Par la technicité on entend avant tout la
complexité législative qui découle du recours aux
législations offshores. Cette complexité passe par la
présence de concepts juridiques qui peuvent apparaitre comme des
obstacles au recours à te tels mécanismes, on citera la
théorie de l'abus de droit ou encore l'acte anormal de
gestion(I).
La technicité du système législatif auquel
le contribuable sera confronté dans sa recherche est fonction de la
nature du paradis fiscal dans lequel il est étable, en effet, les
« zero-haven » ou « la
théorie des vrais « faux » ou faux « vrais » paradis
fiscaux » sont autant d'éléments
nécessaires à la compréhension de l'environnement en jeu
dans le cadre de nos recherches (II).
Section 1 : Aspect juridique des structures offshores
:
La fiscalité offshore est caractérisée par
la nécessité d'opérer de perpétuelles nuances pour
savoir jusqu'où s'arrête l'optimisation fiscale. Cette limite est
une tâche ardue à déterminer de telle sorte que la simple
acquisition de biens à l'étranger peut revêtir une facette
qu'elle ne disposait pas de prime abord, ainsi, l'acquisition d'un bien occulte
à l'étranger peut être constitutive de fraude fiscale.

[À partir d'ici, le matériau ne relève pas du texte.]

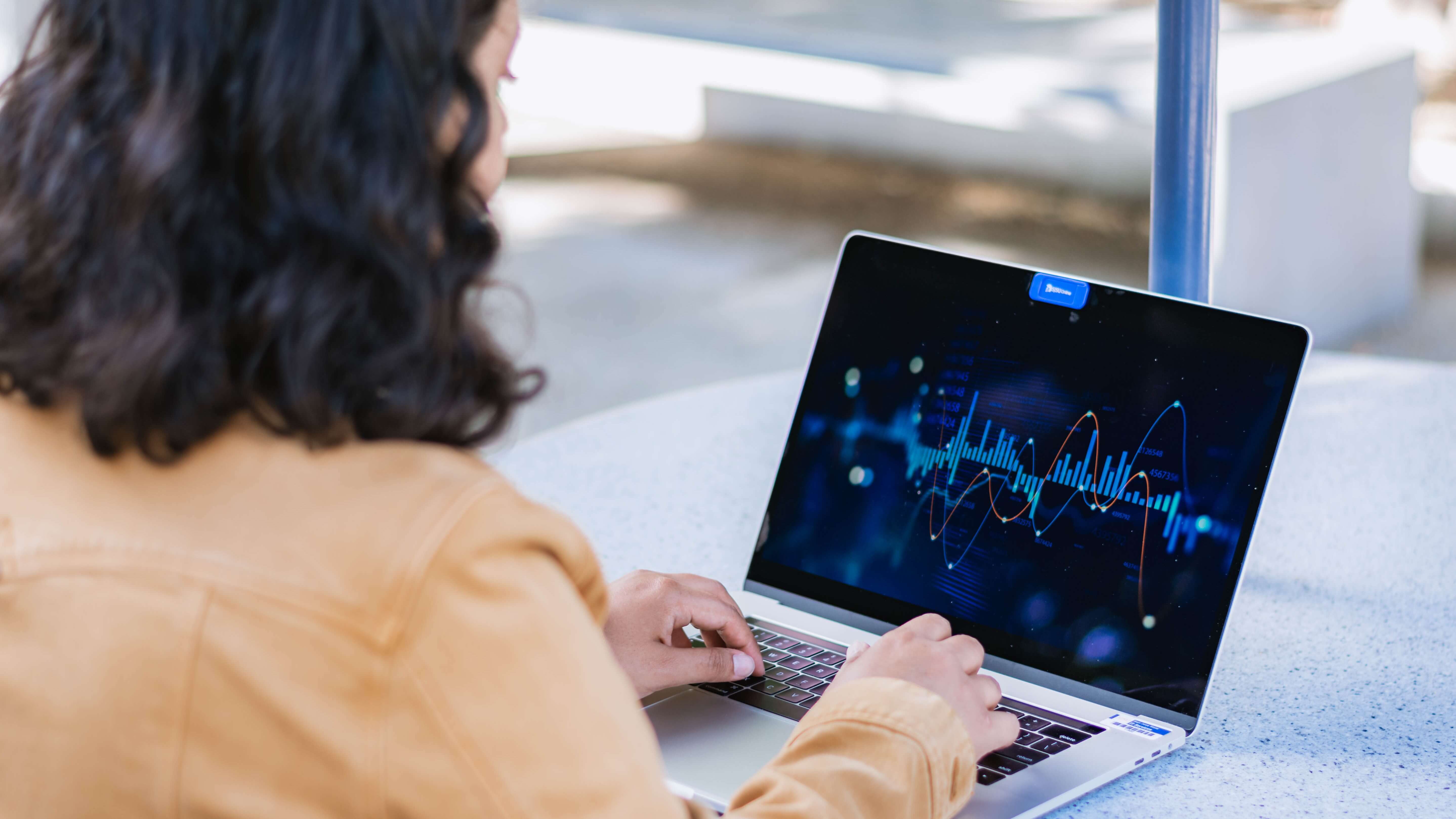 Student analyzing data on a laptop.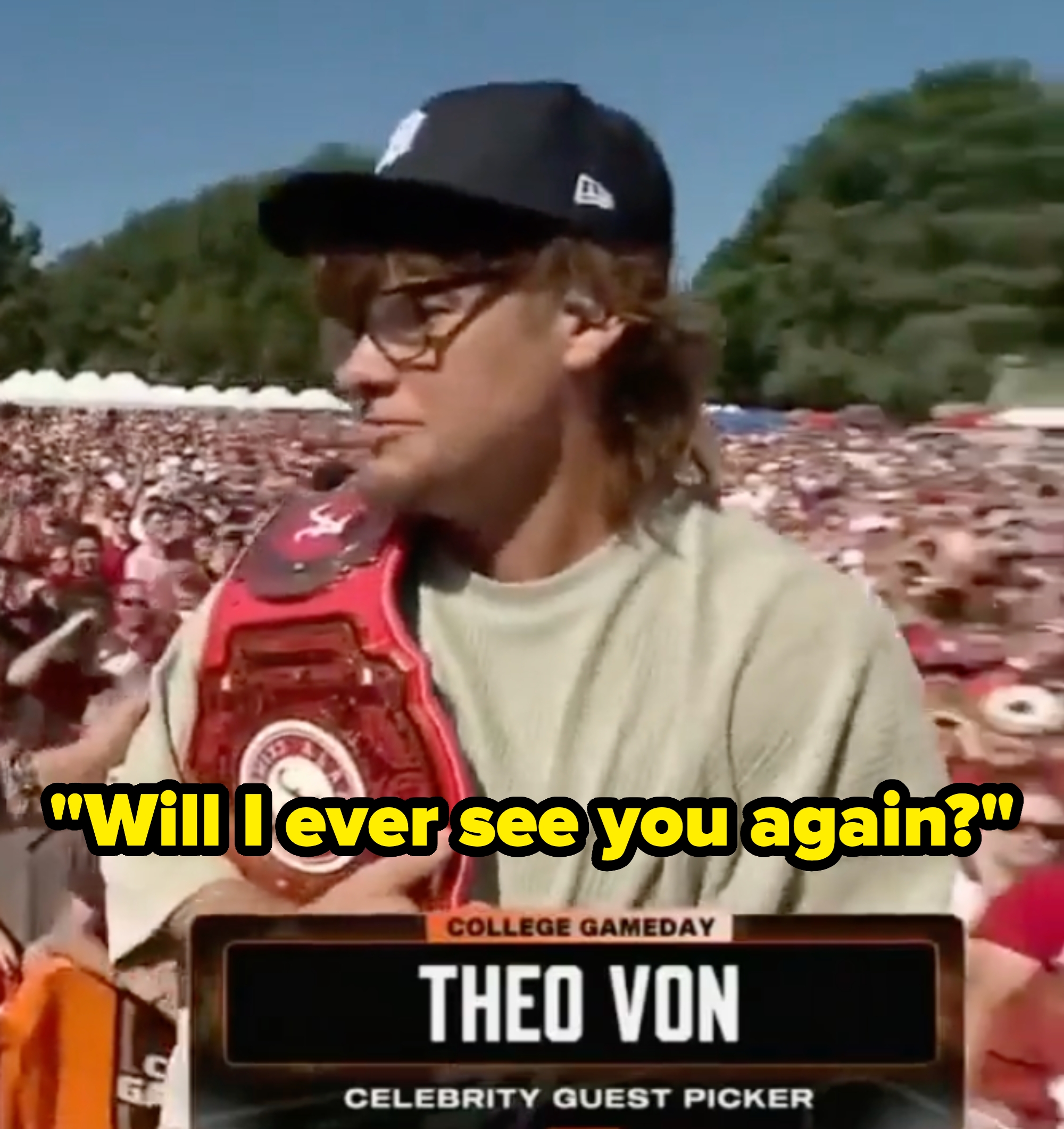 Theo Von, wearing casual attire and a cap, holds a large championship belt at a crowded outdoor event with a "College Gameday" banner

Paragraphe 1 :La frontière entre l'optimisation
fiscale et la finalité des mécanismes offshore :
L'avantage fiscal que peut procurer l'acquisition d'un bien
à l'étranger peut sembler légitime, mais pourtant,
l'Administration fiscale peut y voir un détournement de la
législation fiscale dans le but d'éluder l'impôt et
d'autant plus lorsque sont en jeu d'autres législations fiscales.
A. Acquisition de biens à
l'étranger
On va ici s'intéresser à la délocalisation
des biens à l'étranger dans le but de profiter d'avantages
fiscaux et les répercussions que cela a en droit fiscale
français.
1 : Cours Monsieur Laroche 1er Semestre/
Fiscalité internationale/ Master 1 droit public parcours
Fiscalité
En effet, l'acquisition de biens à
l'étranger1peut, à l'évidence être
effectuée soit de manière occulte, soit de manière «
officielle ». Dans le premier cas, l'intéressé cherche
généralement, son seulement à recueillir des revenus, qui
évidemment ne seront pas déclarés en France, mais
également à faire échapper une partie de sa succession aux
droits de mutation à titre gratuit. La seconde hypothèse concerne
la personne qui souhaite simplement, par exemple, disposer d'une
résidence secondaire à l'étranger ou de divers biens
productifs de revenus qu'il entend bien déclarer, mais on va le voir
cette volonté suscite des problématiques fiscale liée
à la fiscalité offshore.
1. Acquisition occulte de biens à l'étranger
Une personne qui acquiert un bien à l'étranger
pense toujours faire une meilleure affaire, que cela soit au niveau ou au
niveau de la fiscalité du pays où le bien est acqueri. Le fait
est que l'Administration fiscale voit d'un mauvais oeil cette pratique qu'elle
considère bien souvent comme étant faite dans un
intérêt déterminé.
On ne peut pas faire l'écueil du raisonnement
économique dans cette analyse du fait de l'esprit même de
l'opération, par exemple, l'acquisition d'un contrat d'assurance-vie
à l'étranger sera toujours faite dans un but économique,
ce but est bien souvent fiscal.
Le fait est que la perspective de réaliser un
bénéfice en bénéficiant d'un régime fiscal
offshore en acquérant ce contrat d'assurance-vie est contrecarrer par la
vision de l'Administration fiscale sur cet acte, en effet1, les
produits attachés aux contrats d'assurance vie souscrits hors de France
ainsi que les gains de cession de ces mêmes contrats sont imposables en
France comme revenus mobiliers de source étrangère.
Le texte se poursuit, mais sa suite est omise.